* [YOUR TASK]:
Exactly the lines below from the one with "NJ 07104, USA" up to and including the one with "-小菜园新徽菜(芜湖镜湖苏宁店)" make up the answer, with nothing else added.

* [DATA FOR THIS EXERCISE]:
======

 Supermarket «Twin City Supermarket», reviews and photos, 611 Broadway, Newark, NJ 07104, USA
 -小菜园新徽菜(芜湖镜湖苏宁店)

======

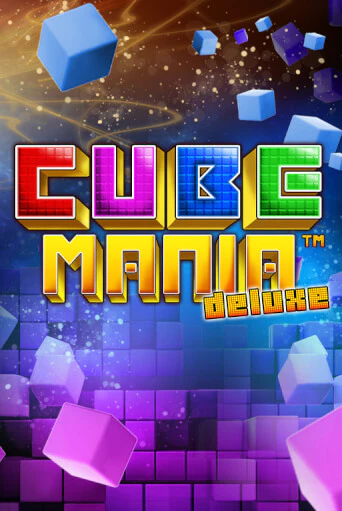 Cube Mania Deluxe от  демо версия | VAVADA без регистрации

======

* [ANSWER BELOW]:
 Supermarket «Twin City Supermarket», reviews and photos, 611 Broadway, Newark, NJ 07104, USA
 -小菜园新徽菜(芜湖镜湖苏宁店)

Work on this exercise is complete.